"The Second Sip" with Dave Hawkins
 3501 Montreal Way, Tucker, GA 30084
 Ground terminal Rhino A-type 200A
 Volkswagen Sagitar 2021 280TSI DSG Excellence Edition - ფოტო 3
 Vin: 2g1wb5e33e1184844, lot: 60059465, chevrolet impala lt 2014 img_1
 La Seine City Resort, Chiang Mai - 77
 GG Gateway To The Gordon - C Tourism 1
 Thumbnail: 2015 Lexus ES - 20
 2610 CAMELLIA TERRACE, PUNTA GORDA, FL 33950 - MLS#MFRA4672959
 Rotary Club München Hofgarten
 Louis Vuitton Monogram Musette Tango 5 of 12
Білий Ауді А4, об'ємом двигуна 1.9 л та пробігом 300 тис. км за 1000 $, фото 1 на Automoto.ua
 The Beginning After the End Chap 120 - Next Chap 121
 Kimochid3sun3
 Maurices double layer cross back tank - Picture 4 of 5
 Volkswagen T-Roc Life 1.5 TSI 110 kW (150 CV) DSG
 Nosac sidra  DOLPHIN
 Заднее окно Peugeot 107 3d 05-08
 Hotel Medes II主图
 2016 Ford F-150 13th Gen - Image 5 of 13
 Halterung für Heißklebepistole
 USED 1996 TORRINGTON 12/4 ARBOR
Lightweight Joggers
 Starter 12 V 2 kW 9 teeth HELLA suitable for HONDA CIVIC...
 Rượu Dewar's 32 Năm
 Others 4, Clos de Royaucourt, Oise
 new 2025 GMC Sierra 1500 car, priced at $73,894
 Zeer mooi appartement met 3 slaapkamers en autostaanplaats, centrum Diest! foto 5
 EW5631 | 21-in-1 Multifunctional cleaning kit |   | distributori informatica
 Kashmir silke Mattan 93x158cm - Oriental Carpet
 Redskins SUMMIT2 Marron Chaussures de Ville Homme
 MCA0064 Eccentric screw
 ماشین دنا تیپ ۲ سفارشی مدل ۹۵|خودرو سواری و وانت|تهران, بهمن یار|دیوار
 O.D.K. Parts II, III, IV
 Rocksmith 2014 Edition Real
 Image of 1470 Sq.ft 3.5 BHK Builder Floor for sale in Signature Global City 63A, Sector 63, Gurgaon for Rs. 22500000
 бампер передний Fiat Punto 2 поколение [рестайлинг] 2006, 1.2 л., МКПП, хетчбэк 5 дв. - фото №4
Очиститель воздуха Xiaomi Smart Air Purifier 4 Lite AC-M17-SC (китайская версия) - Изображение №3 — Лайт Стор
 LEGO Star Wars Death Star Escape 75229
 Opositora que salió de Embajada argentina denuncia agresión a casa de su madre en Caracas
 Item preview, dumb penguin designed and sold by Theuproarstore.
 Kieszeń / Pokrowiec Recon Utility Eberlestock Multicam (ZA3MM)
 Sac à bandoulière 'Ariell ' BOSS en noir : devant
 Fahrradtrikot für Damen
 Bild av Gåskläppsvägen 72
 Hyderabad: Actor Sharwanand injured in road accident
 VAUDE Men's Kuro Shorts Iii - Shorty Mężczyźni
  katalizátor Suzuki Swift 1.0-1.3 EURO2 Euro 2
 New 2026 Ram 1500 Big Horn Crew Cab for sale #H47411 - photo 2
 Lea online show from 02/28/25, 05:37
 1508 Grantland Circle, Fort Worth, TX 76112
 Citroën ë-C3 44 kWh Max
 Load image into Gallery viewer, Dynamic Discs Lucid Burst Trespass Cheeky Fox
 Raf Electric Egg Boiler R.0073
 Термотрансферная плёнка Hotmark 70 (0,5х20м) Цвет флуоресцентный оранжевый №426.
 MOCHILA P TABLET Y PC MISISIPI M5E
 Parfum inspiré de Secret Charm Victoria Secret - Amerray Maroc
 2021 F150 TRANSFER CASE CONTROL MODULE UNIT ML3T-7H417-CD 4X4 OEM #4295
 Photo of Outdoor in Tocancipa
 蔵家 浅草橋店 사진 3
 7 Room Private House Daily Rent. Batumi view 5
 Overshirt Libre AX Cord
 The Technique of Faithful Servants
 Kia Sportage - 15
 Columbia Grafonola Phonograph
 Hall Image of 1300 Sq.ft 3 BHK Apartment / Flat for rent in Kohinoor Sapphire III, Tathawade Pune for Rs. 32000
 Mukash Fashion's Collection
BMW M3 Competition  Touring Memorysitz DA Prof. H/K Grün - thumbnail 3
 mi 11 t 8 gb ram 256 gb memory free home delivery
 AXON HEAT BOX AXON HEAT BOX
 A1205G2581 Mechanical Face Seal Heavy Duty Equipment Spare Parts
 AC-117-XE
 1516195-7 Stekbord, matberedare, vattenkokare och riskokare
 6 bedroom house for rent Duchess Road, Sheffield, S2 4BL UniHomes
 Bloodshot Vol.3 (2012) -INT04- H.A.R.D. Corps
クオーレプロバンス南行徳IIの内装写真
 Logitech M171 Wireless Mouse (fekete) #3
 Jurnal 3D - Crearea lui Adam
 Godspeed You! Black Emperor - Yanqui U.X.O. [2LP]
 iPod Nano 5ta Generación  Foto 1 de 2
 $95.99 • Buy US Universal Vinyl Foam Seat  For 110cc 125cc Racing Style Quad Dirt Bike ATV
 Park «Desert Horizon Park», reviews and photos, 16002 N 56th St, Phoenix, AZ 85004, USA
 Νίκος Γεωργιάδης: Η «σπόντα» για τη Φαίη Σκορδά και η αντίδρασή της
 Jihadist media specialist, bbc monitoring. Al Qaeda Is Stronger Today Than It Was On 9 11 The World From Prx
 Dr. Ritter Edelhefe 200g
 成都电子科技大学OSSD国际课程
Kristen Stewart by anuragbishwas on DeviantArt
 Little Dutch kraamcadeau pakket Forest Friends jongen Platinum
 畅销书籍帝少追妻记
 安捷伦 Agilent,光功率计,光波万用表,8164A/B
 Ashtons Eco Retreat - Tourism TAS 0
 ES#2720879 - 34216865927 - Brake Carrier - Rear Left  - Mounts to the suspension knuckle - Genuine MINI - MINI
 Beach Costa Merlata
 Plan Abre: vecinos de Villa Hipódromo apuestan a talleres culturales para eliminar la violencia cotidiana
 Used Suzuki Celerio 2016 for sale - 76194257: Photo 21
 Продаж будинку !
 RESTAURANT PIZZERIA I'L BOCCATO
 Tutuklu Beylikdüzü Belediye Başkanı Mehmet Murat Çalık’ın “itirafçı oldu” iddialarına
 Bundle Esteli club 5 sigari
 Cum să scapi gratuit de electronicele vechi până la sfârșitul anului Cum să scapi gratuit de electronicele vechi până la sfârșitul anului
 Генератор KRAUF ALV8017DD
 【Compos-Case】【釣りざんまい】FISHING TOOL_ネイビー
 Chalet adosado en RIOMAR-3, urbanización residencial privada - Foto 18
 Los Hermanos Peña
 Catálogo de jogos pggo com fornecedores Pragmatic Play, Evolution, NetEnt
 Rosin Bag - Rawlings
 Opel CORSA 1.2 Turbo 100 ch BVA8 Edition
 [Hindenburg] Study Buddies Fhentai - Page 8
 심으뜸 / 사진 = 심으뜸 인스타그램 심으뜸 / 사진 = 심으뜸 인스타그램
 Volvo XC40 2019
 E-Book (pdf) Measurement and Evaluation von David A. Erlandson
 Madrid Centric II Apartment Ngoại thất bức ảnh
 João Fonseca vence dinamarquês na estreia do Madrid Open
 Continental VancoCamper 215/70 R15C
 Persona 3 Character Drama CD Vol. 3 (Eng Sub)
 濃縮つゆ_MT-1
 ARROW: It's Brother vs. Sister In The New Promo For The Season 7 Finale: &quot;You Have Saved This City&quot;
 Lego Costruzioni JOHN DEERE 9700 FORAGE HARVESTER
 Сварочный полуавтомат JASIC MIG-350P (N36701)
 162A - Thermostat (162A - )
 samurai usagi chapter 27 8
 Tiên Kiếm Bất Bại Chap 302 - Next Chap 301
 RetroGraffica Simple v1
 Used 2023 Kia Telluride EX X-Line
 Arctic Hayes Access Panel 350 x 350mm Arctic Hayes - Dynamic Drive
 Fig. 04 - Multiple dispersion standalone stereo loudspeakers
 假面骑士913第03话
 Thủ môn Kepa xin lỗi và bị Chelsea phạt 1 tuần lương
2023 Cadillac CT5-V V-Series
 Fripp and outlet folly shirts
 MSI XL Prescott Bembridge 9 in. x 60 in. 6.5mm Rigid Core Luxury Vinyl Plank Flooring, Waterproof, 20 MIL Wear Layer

::::::

Task brief:
When you reach the line that contains "Lightweight Joggers", stop; output it and every line before it from the start of the data, exactly as written.

Solved problem:
"The Second Sip" with Dave Hawkins
 3501 Montreal Way, Tucker, GA 30084
 Ground terminal Rhino A-type 200A
 Volkswagen Sagitar 2021 280TSI DSG Excellence Edition - ფოტო 3
 Vin: 2g1wb5e33e1184844, lot: 60059465, chevrolet impala lt 2014 img_1
 La Seine City Resort, Chiang Mai - 77
 GG Gateway To The Gordon - C Tourism 1
 Thumbnail: 2015 Lexus ES - 20
 2610 CAMELLIA TERRACE, PUNTA GORDA, FL 33950 - MLS#MFRA4672959
 Rotary Club München Hofgarten
 Louis Vuitton Monogram Musette Tango 5 of 12
Білий Ауді А4, об'ємом двигуна 1.9 л та пробігом 300 тис. км за 1000 $, фото 1 на Automoto.ua
 The Beginning After the End Chap 120 - Next Chap 121
 Kimochid3sun3
 Maurices double layer cross back tank - Picture 4 of 5
 Volkswagen T-Roc Life 1.5 TSI 110 kW (150 CV) DSG
 Nosac sidra  DOLPHIN
 Заднее окно Peugeot 107 3d 05-08
 Hotel Medes II主图
 2016 Ford F-150 13th Gen - Image 5 of 13
 Halterung für Heißklebepistole
 USED 1996 TORRINGTON 12/4 ARBOR
Lightweight Joggers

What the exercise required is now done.